We mentioned in an earlier blog that multi-family real estate now ranks is one of the wisest investment options around. Add in this important update: Trading up – Uptown, that is – may well be the best strategy of all.

Wednesday, January 9, 2013

Thirteen – and counting on renewed good luck


Happy 2013.  It promises to be a lucky year for the New York City real estate industry.

With the threatened 2012 Armageddon safety behind us, the metro area market is reawakening in a quadruplet of sectors - commercial sales, commercial leases, residential sales, and residential rentals.

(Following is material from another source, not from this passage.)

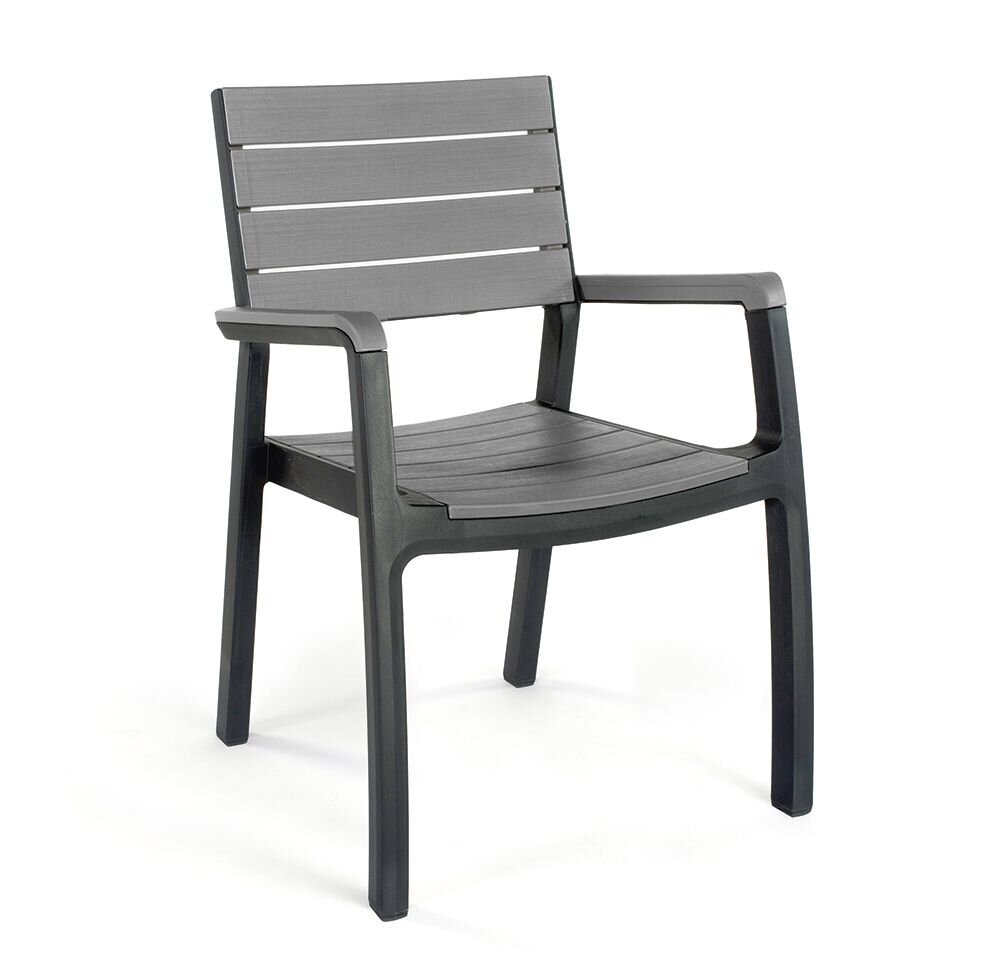 Sodo kėdė Harmony, pilka kaina ir informacija | Lauko kėdės, foteliai, pufai | pigu.lt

Credit the pent-up demand; the growing housing shortage; a small – but appreciable – rise in employment; and some exciting new local projects. Whatever the reasons, there’s an altogether new buzz noted in a spate of recent publications.

To get specific:

·        Commercial sales are so solid that a recent study by Pricewaterhouse Cooper US and the Urban Land Institute report ranked New York City as the second most exciting real estate market in the country for this year (after San Francisco). The combined lure of the city’s technology hub, two new subway lines, and many desirable neighborhoods are sparking interest – and spurring development in both the city and the boroughs. 

·        Commercial leases benefit from the same factors, with the PWC and ULI study predicting that NYC and the country will enjoy “noticeably better prospects as compared with last year.”
In a dramatic example, just days ago 11 Madison Ave., which had been   offered for $1.5 billion, was taken off the market by developers who realized that had more to gain by maintaining their lease with Credit Suisse than by selling the structure. As described in the current issue of Crains, the deal show just how valuable prime commercial space has become.  

·        Residential sales are on the upswing, according to Forbes magazine.  The reluctant buyers and sellers of recent years are re-emerging, to find mortgages that remain at historically low interest rates. Yes, financing is still tougher to get than before the bust, but banks are loosening up.

Meanwhile, the pent-up demand for housing is spurring new construction, certain to create a bounty of new jobs – further enhancing the economy.

In this transitional real estate marketplace, cash deals fare the best. But these shoppers, many of them foreign buyers lured by the relative stability of US investments, will further ignite the market. Meanwhile, areas impacted by Sandy now offer uncommon value to buyers brave enough to venture downtown.

·        Residential rentals may well be the pot of gold at the end of this rainbow. As Manhattan rents, fueled by the many New York City residents still avoiding property ownership, may well increase by five to 10 per cent. That’s high enough to convince many condo and coop developers to convert back to rentals. Hot neighborhoods from Greenpoint in Brooklyn to downtown Manhattan will benefit from the new crop of apartments.

Every silver lining has a dark cloud.

This one has to do with those rapidly rising rents, which are threatening the affordability of literally all of Manhattan and many of the boroughs.

But the flipside is that owning rental property is more attractive than it’s ever been.  Starter apartment are in such short supply that they’re snapped up quickly, making this perhaps the most auspicious time ever to acquire a multifamily or mixed-use building. What could be better than combining home ownership with a healthy investment return.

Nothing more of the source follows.